Benny diadili pada 2002 karena memimpin demonstrasi menuntut kemerdekaan. Demonstrasi berubah menjadi kekerasan, demonstran membakar dua toko dan membunuh seorang polisi. Benny menyatakan bahwa penangkapan dan dakwaan terhadapnya bermotivasi politik. Benny kabur dari penjara saat diadili. Dibantu aktivis kemerdekaan Papua Barat dia melarikan diri melintasi perbatasan ke Papua Nugini. Dia dibantu LSM Eropa untuk melakukan perjalanan ke Inggris di mana ia diberikan suaka politik.
Pada 2011, pemerintah Indonesia meminta Interpol menangkap dan ekstradisi Benny. Namun, setelah kampanye yang dipimpin oleh Fair Trials International, pada 2012 Interpol menghapus red notice atas nama Benny. Interpol menyimpulkan bahwa tuduhan terhadap Benny bermotif politik dan penyalahgunaan wewenang.
Setelah Interpol menghapus red notice dari basis data mereka, Jago Russell, Pemimpin Eksekutif Fair Trials International menyatakan, "Interpol harus digunakan untuk memerangi kejahatan serius. Tetapi Indonesia telah menyalahgunakannya untuk mengancam seorang aktivis politik yang damai." Terbukti klaim Russel itu salah besar. Karena "aktivis politik yang damai" itu menurut pemerintah Indonesia telah mendalangikerusuhan di Papua dan Papua Barat.
Setelah tiba di Inggris, Benny menjadi corong utama untuk Kampanye Papua Merdeka Barat, yang didirikan pada 2004 oleh sekelompok aktivis pro-Papua di Oxford. Gerakan Kampanye Papua Merdeka Barat di Inggris telah berkembang dengan memasukkan kelompok mahasiswa permanen di universitas dan kelompok regional Inggris, serta kantor permanen di Oxford, Den Haag dan Port Moresby.
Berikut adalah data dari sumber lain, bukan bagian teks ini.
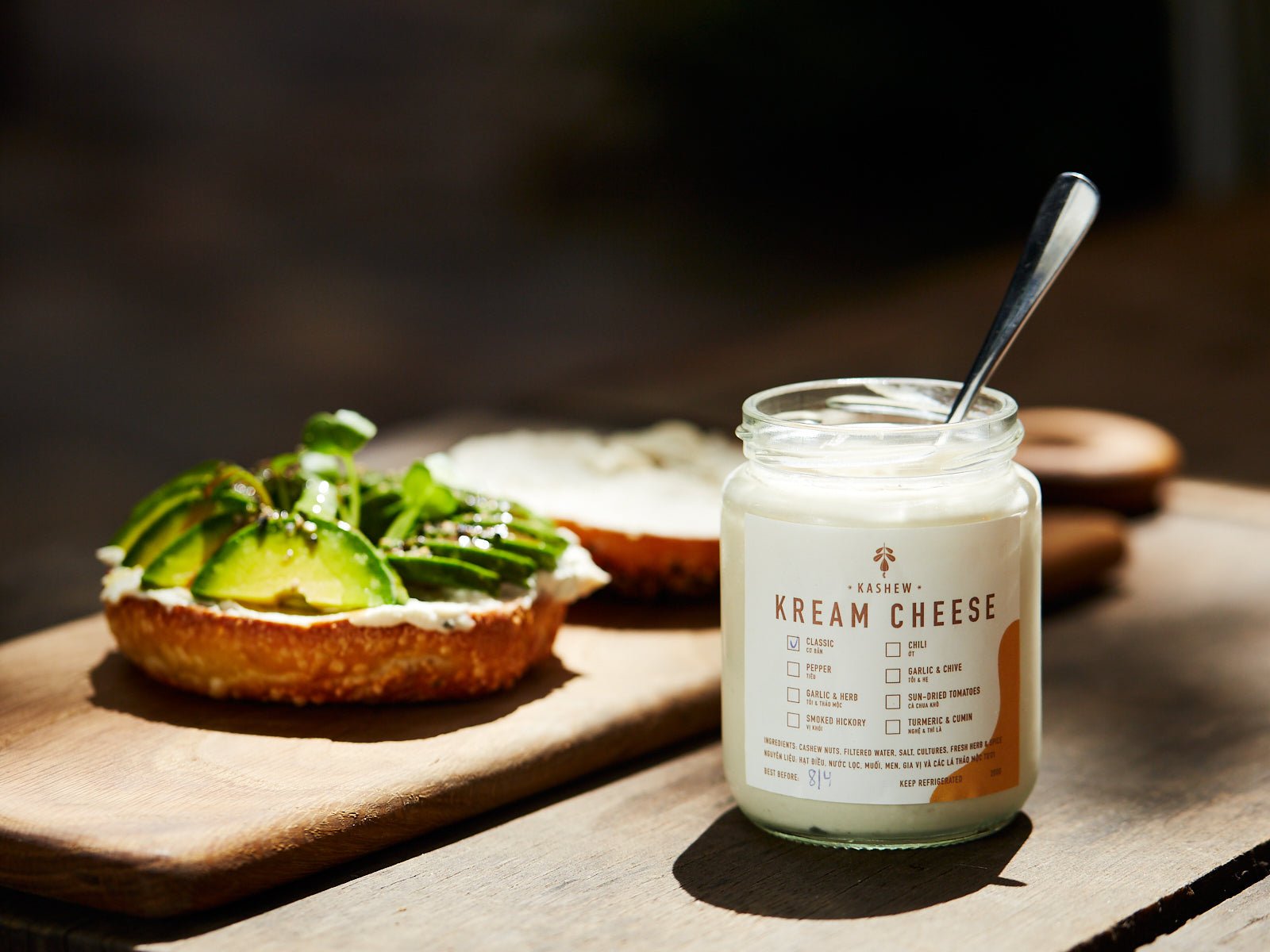 Phô Mai Kem Chay Kashew | Phô mai hạt điều phết từ thực vật – Kashew Cheese Deli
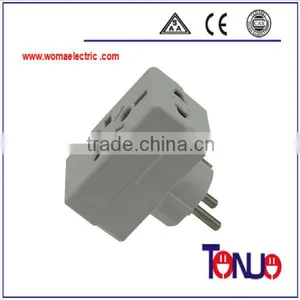 15A Universal Multi Pulg Adapter for Travel and Light thumbnail-1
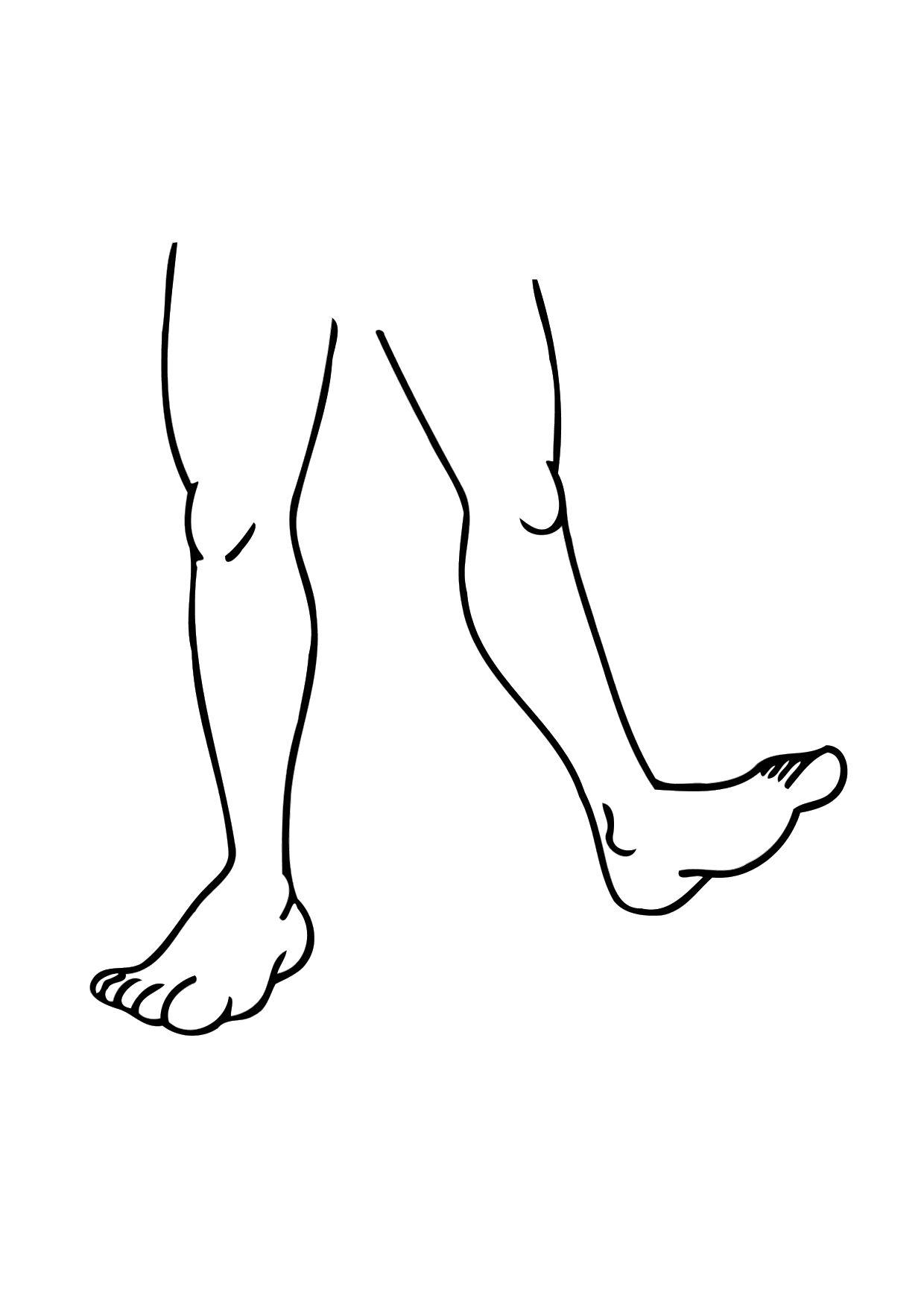 Coloring Page legs - free printable coloring pages - Img 11476
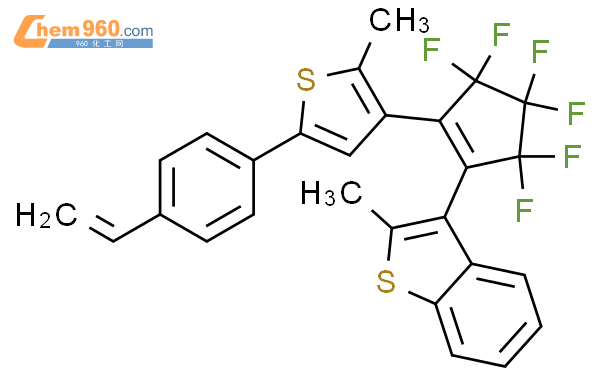 1609945-15-4,Benzo[b]thiophene, 3-[2-[5-(4-ethenylphenyl)-2-methyl-3 ...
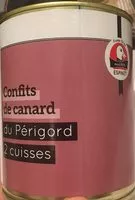 Mängden socker i Confit se Canard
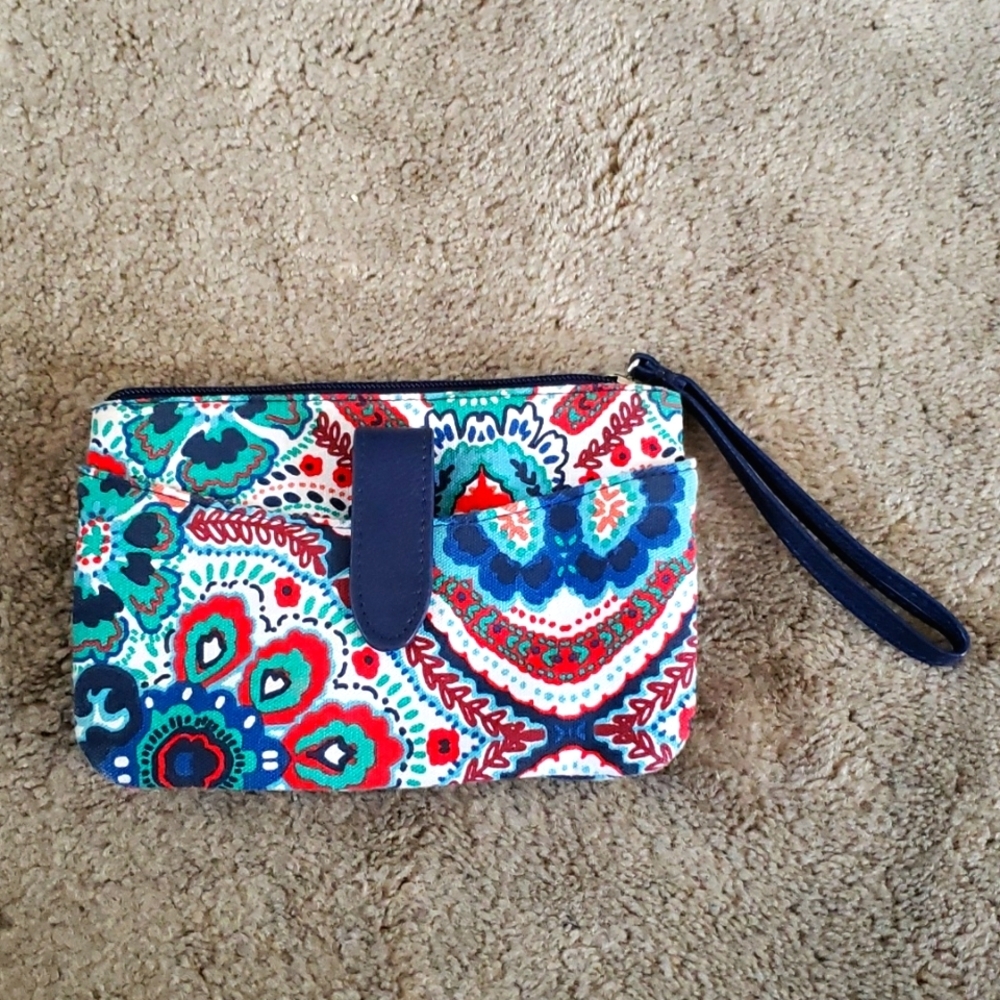 Floral & Paisley Wristlet
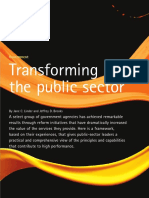 Transforming The Public Sector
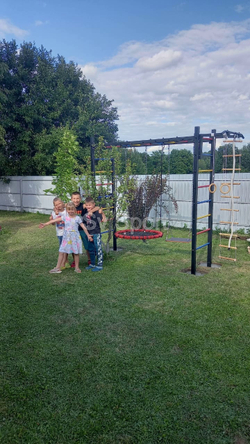 Монтаж уличной шведской стенки Sv Sport Рукоход (4 вертикальных столба)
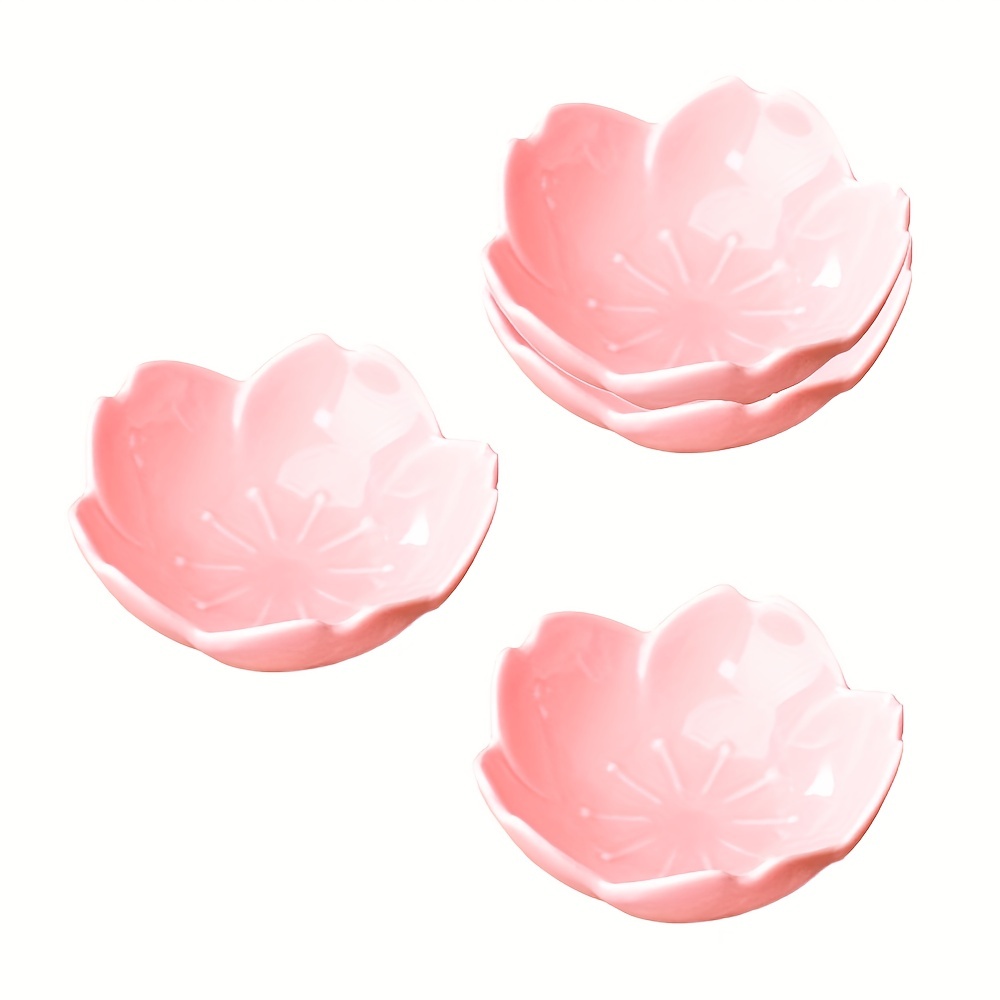 Cherry Blossom Sushi Plate Set - White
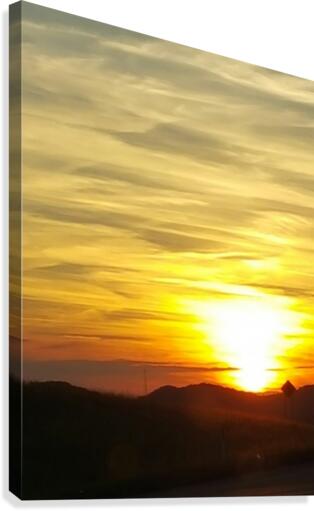Vanishing Sun Canvas Print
Pada Februari 2013, Benny melakukan 'Freedom Tour' ke Amerika, Selandia Baru, Australia, Papua Nugini, dan Vanuatu, dengan tujuan meningkatkan kesadaran akan masalah penentuan nasib sendiri. Dia dicekal untuk pidato di parlemen nasional Selandia Baru.
Pada April 2013, Benny bergabung dengan Mohammed Abassi, Walikota Lord Oxford, dan anggota parlemen lokal Andrew Smith untuk membuka markas baru untuk Kampanye Papua Merdeka Barat. Pada Mei 2013, Benny berbicara di Gedung Opera Sydney. Bersama anggota parlemen Inggris Andrew Smith, dan Richard Harries, Benny Wenda adalah anggota pendiri Parlemen Internasional untuk Papua Barat. Kelompok ini secara aktif mangais dukungan dari politisi di seluruh dunia, untuk menekan Perserikatan Bangsa-Bangsa untuk melaksanakan kembali pelaksanaan Act of Free Choice.
Polisi mengatakan bahwa kerusuhan Papua dan Papua Barat beberapa waktu lalu untuk mencuri perhatian dunia. Sikap pemerintah Indonesia yang cukup sabar menghadapi kerusuhan Papua dan Papua Barat menjadikan upaya untuk mencuri perhatian dunia itu sampai saat ini tidak berhasil.